:: Task goal ::
Read the data and repeat all of it exactly.

:: Material provided ::
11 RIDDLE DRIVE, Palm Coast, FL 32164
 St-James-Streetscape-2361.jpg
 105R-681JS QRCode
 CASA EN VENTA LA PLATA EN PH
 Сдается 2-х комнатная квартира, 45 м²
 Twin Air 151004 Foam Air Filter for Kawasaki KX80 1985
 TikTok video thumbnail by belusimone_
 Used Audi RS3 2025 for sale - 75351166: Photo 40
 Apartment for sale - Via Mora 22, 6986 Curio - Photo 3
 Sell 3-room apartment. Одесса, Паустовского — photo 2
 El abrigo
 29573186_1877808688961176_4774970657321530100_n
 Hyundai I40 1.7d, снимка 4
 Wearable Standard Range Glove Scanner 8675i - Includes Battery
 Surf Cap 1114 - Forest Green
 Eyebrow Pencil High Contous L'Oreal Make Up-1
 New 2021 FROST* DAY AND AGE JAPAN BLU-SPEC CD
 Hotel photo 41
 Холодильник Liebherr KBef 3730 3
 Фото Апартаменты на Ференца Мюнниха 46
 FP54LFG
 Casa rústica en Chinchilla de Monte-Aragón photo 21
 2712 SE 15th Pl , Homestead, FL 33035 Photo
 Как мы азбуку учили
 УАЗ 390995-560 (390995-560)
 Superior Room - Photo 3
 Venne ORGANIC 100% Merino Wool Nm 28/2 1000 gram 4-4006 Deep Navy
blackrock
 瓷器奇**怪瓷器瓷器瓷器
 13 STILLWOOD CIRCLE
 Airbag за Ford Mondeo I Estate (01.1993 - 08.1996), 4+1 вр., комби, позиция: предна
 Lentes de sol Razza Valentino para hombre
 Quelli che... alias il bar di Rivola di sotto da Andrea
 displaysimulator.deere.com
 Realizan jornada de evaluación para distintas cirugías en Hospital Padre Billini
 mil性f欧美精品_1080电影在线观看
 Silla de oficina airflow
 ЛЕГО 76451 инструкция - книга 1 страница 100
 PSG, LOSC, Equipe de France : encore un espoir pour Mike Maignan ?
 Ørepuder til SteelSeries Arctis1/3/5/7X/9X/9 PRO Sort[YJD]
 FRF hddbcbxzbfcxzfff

:: Response below ::
11 RIDDLE DRIVE, Palm Coast, FL 32164
 St-James-Streetscape-2361.jpg
 105R-681JS QRCode
 CASA EN VENTA LA PLATA EN PH
 Сдается 2-х комнатная квартира, 45 м²
 Twin Air 151004 Foam Air Filter for Kawasaki KX80 1985
 TikTok video thumbnail by belusimone_
 Used Audi RS3 2025 for sale - 75351166: Photo 40
 Apartment for sale - Via Mora 22, 6986 Curio - Photo 3
 Sell 3-room apartment. Одесса, Паустовского — photo 2
 El abrigo
 29573186_1877808688961176_4774970657321530100_n
 Hyundai I40 1.7d, снимка 4
 Wearable Standard Range Glove Scanner 8675i - Includes Battery
 Surf Cap 1114 - Forest Green
 Eyebrow Pencil High Contous L'Oreal Make Up-1
 New 2021 FROST* DAY AND AGE JAPAN BLU-SPEC CD
 Hotel photo 41
 Холодильник Liebherr KBef 3730 3
 Фото Апартаменты на Ференца Мюнниха 46
 FP54LFG
 Casa rústica en Chinchilla de Monte-Aragón photo 21
 2712 SE 15th Pl , Homestead, FL 33035 Photo
 Как мы азбуку учили
 УАЗ 390995-560 (390995-560)
 Superior Room - Photo 3
 Venne ORGANIC 100% Merino Wool Nm 28/2 1000 gram 4-4006 Deep Navy
blackrock
 瓷器奇**怪瓷器瓷器瓷器
 13 STILLWOOD CIRCLE
 Airbag за Ford Mondeo I Estate (01.1993 - 08.1996), 4+1 вр., комби, позиция: предна
 Lentes de sol Razza Valentino para hombre
 Quelli che... alias il bar di Rivola di sotto da Andrea
 displaysimulator.deere.com
 Realizan jornada de evaluación para distintas cirugías en Hospital Padre Billini
 mil性f欧美精品_1080电影在线观看
 Silla de oficina airflow
 ЛЕГО 76451 инструкция - книга 1 страница 100
 PSG, LOSC, Equipe de France : encore un espoir pour Mike Maignan ?
 Ørepuder til SteelSeries Arctis1/3/5/7X/9X/9 PRO Sort[YJD]
 FRF hddbcbxzbfcxzfff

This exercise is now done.